***** DATA EXTRACT

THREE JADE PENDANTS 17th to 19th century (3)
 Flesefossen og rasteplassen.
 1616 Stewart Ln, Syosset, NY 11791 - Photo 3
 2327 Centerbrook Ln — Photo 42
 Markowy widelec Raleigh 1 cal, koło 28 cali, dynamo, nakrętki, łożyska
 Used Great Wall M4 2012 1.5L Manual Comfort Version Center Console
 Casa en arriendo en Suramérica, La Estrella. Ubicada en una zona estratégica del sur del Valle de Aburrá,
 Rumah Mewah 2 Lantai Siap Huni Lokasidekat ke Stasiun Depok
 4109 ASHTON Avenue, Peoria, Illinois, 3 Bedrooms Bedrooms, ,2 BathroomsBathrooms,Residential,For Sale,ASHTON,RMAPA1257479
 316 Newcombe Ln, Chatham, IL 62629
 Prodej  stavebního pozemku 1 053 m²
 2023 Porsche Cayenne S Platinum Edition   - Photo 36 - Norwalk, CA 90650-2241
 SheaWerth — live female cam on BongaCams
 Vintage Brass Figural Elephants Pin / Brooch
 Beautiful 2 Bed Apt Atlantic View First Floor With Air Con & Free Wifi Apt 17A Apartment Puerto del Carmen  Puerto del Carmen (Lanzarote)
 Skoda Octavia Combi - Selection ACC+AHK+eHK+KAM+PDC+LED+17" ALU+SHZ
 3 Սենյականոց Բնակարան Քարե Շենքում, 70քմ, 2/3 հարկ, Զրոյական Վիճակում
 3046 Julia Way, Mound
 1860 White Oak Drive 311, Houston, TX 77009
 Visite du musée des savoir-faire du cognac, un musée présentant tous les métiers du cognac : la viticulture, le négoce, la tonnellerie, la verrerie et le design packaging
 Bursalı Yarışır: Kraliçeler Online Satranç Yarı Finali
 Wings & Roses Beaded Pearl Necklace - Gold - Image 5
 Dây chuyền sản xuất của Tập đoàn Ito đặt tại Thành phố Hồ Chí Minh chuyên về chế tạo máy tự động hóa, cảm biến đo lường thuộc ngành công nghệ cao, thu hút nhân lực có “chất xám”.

**********

• [EXERCISE DETAILS] Find how many lines of the material include the string "Photo". Nothing but the number should be given.

• [FINAL ANSWER] 3